3) Sharing clothes, socks, footwear, towels or any other personal object that comes into contact with the infected area may result in the spread of the fungus. Whether it’s a friend, family member or strange, a public space or your own home, keep to your personal hygiene.
4) Humidity and sweat. Athlete’s foot molds thrive in moist, humid places and objects, notably bathtubs, shoes, clothes or towels. In order to avoid developing an infection, make sure you wash whenever you feel sweaty, feet included, change socks, underwear and other clothes as often as necessary, use clean towels and disinfect surfaces properly.
5) Sweaty feet. People who suffer from profuse sweating of the feet (known as plantar hyperhidrosis) are more likely to develop a foot fungal infection as sweat creates an environment both bacteria and fungi can thrive in.

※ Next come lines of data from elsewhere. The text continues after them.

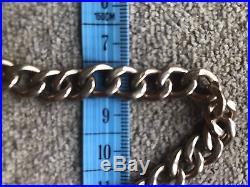9ct Gold, Curb Chain Bracelet With Heart Padlock, 35.2 Grammes. Hallmarked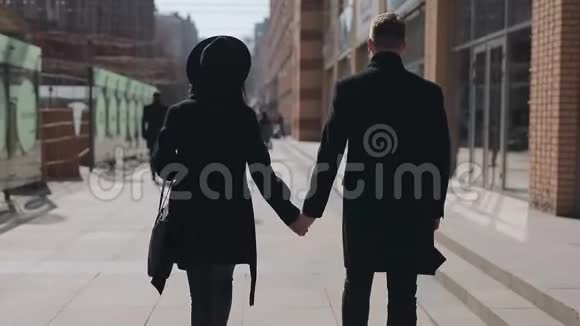 时尚情侣牵着手走在城市大街上后景视频的预览图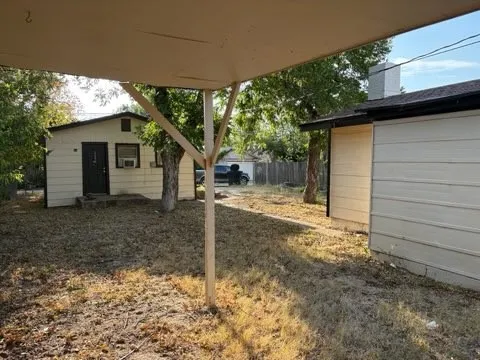 Apartment has separate parking off alley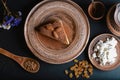 Slice of poured honey cake with cheese cream on a clay vintage plate, decorated with cocoa and almonds, wooden spoon with cardamom Royalty Free Stock Photo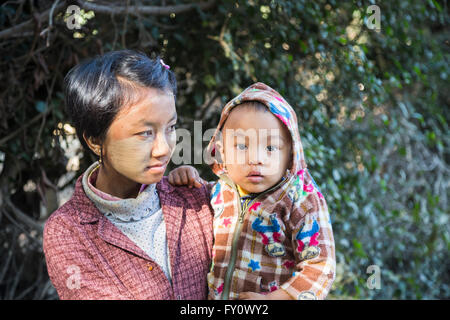 Femme birmane local avec écran solaire thanaka porter un bébé garçon dans un village sur le fleuve Irrawaddy, Myanmar (Birmanie) Banque D'Images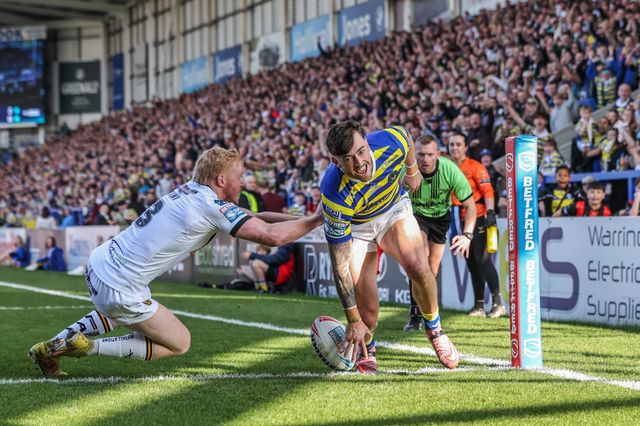 Matty Ashton of Warrington Wolves goes over for a try during the Betfred Super League round 5 match Warrington Wolves vs Castleford Tigers at The Halliwell Jones Stadium, Warrington, United Kingdom on 21 March 2026

(Photo by Alfie Cosgrove/News Images)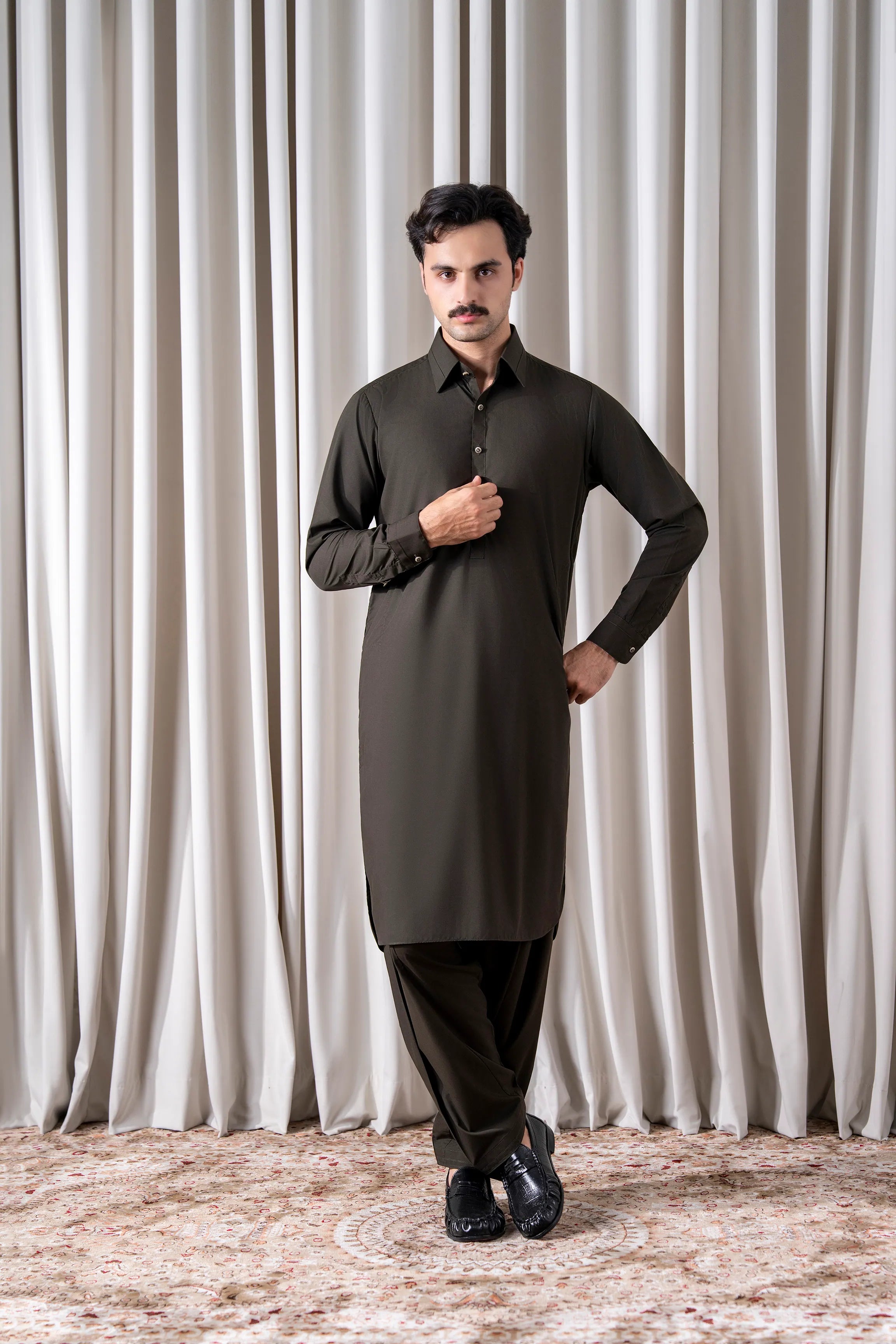 Olive blended kameez shalwar: long button-up kurta with matching trousers.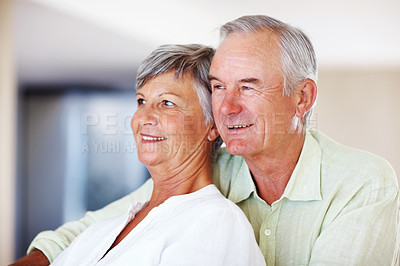 Buy stock photo Elderly couple, happy and hug in home for relax, bonding and love with support, care and romance. Senior people, smile and connection in apartment for weekend break, marriage and embrace with trust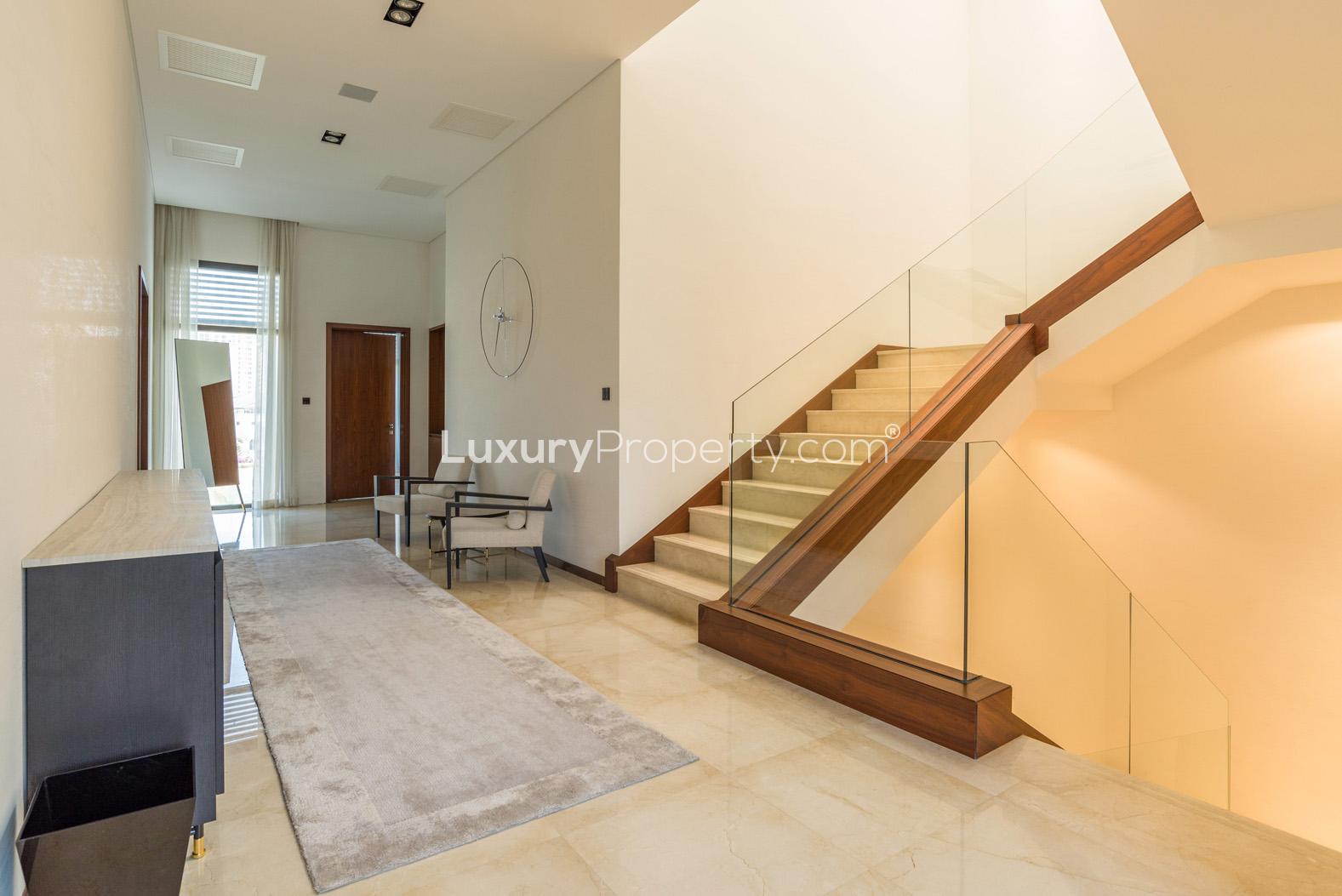 "Luxury villa gym with equipment, Palm Jumeirah, Frond N, 4-bed, Garden Homes, for sale.",Elegant interior of luxury villa with modern staircase and stylish decor, Palm Jumeirah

6) Closed in shoes and synthetic fabrics that do not let the skin breathe create a grat environment for fungi to develop. Wearing socks made from acrylic, nylon or polyester as well as tight, closed in shoes for long periods of time may increase the risk of developing feet fungal infections such as athlete’s foot.
When it comes to athlete’s foot, both prevention and treatment are equally important. While about 30% of cases may resolve themselves with only good hygiene and no medication, in most cases, the sufferer should seek medical help. Here are 9 great ways to prevent athlete’s foot:
1) Wear shoes at all times, especially in public places such as pools, lockers, etc.
2) Do not share clothes or other personal items (towels, shoes).
3) Wear natural fabrics (cotton, wool, linen) that let the skin breathe.
4) Wash as often as necessary, especially following workouts or physical work.
5) Avoid wearing sweaty clothes, sock or underwear.
6) Keep feet and shoes clean and dry.
7) Avoid direct contact with the skin or clothes of people with athlete’s foot.
8) Avoid scratching infected areas in order to prevent the spread of the infection.
9) Keep home surfaces clean by using chlorine bleach if you suspect a fungal possible infection.
If you should contract athlete’s foot, it is important that you keep to rigorous hygiene habits to keep your infection from spreading. Nonetheless, if you notice it progressing, then you might require antifungal medication, either topical treatment or medication, depending on severity and spread.
How long should you take your antifungal medication? As long as your doctor recommends. Generally, the use of topical medication is recommended up to 2, 4 or 6 weeks following the disappearance of your symptoms, to make sure the infection does not reoccur and even the deeper layers of the skin affected by the fungus have cleared up.